Du soleil toute l’année. Une brise marine (non océanique !) rafraîchissante. Une humidité palpable mais supportable en raison d’un climat relativement bien épargné par la population des métropoles négligentes. Des palmiers défiant les lois de l’apesanteur en traversant le ciel, tout en se recourbant légèrement dans un signe magistral de soumission à la volonté toujours plus puissante de la nature.
L’archipel polynésien des îles Hawaii, situé dans le Pacifique Nord, comprend huit îles principales toutes volcaniques (Niihau, Kauai, Oahu, Molokai, Lanai, Kahoolawe, Maui et Hawaii). Honolulu est la capitale de l’Etat, située dans l’île d’Oahu, avec 80% de la population. L’aéroport de Kona est modeste et se fond dans le décor. Tout ou presque est en bois. Aucune infrastructure superflue. On y entre et on y ressort plus vite qu’il ne faut pour le dire, car le but était manifestement d’éviter de perturber la nature.
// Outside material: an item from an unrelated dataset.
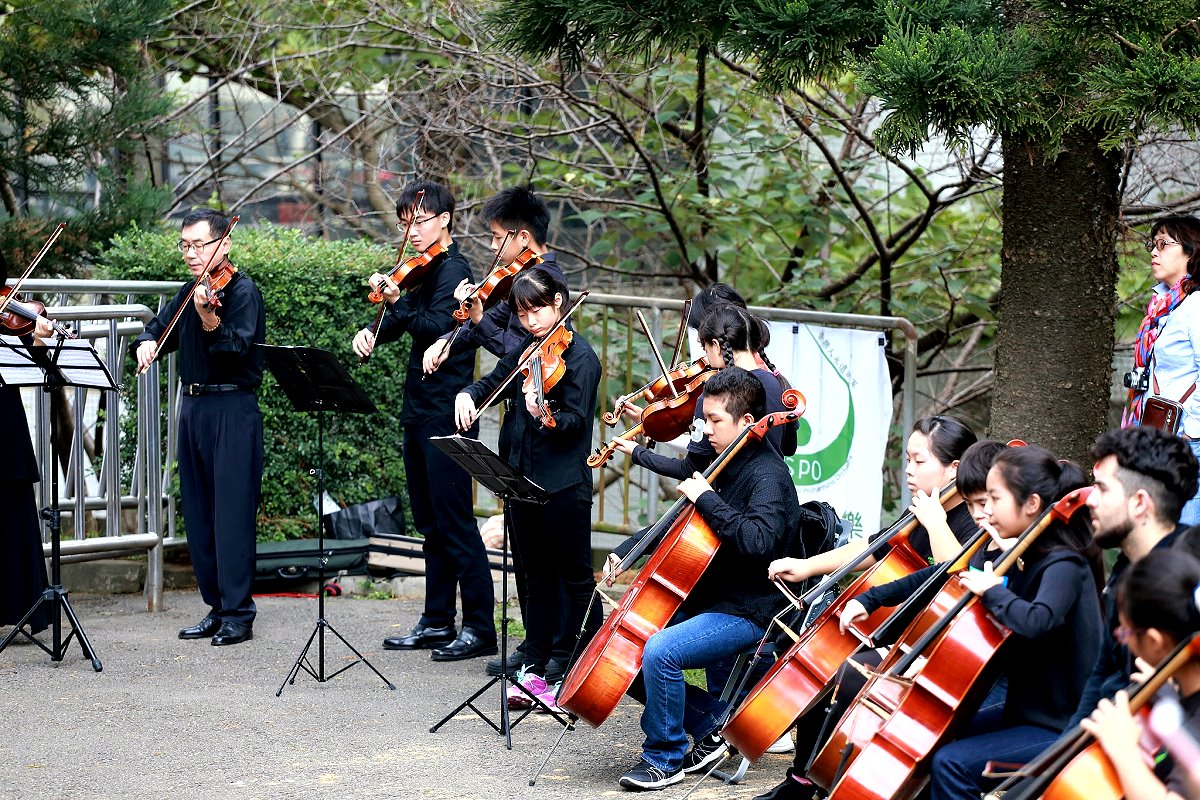 事務組也邀請古箏社同學現場彈奏悠揚樂曲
De l’agriculture au tourisme
L’économie a longtemps été dominée par les plantations sucrières (et les activités militaires, nous y reviendrons). L’agriculture reste, à l’échelle des Etats-Unis, relativement importante. Ainsi Hawaii est-elle le premier producteur américain d’ananas et de papayes, et deuxième producteur de sucre de canne. Parmi les autres ressources agricoles figurent le café, les légumes et l’élevage (bovins, ovins). Les principaux secteurs industriels sont l’agroalimentaire (raffineries de sucre, jus de fruits, conserves), la confection textile, l’imprimerie et l’artisanat traditionnel. Mais ces secteurs sont en net recul au point que même les places touristiques sont quasiment dénuées de produits réellement locaux. Les activités agricoles connaissent un déclin important, car elles subissent de plein fouet la réduction de la superficie des terres arables et des quantités d’eau disponibles pour l’irrigation. Réduction provoquée par le développement constant du tourisme.
Aujourd’hui, la nature est traversée par des routes. Longues à perte de vue. Peu de circulation et la vie s’écoule, fluide. Tellement fluide qu’on se demande si elle est réelle. En revanche, les voitures sont grosses, puissantes et américaines. Cela dit, elles roulent à une vitesse très raisonnable. La vitesse gâcherait le plaisir d’admirer la vue. Sans compter que les routes sont souvent à deux voies, difficile de doubler sans risquer un carambolage. Et on ne vient pas à Hawaii pour mourir dans un stupide accident de la circulation. Au bout de la route, des hôtels. Des hôtels et encore des hôtels. Il y en de toutes sortes. Les adeptes du luxe et des constructions massives, style colonial ou ultra moderne, des chambres climatisées avec télévision câblée et connexion haut débit, des piscines aux formes design et de toutes les commodités possibles et inimaginables sont servis. Pour les partisans du pittoresque, des bungalows typiques aux toits chinois, tous revêtus en bois, sont disponibles. Ils sont blottis au cœur d’une végétation dense et luxuriante. Pas de télévision ni d’électronique. Comme musique de fond, le bruit des vagues pour s’endormir et la symphonie d’une bande d’oiseaux dès le lever du jour. Même la consommation d’électricité est rationalisée. Hawaii a fait un choix. Celui du tourisme. L’activité économique la plus importante aujourd’hui. En chiffres, elle rapporte plus de 10 milliards de dollars par an, soit plus de 50% des revenus de l’Etat. Les principaux sites sont les zones touristiques de Waikiki sur l’île d’Oahu, le Parc national des volcans d’Hawaii sur l’île d’Hawaii et le Parc national d’Haleakala sur Maui.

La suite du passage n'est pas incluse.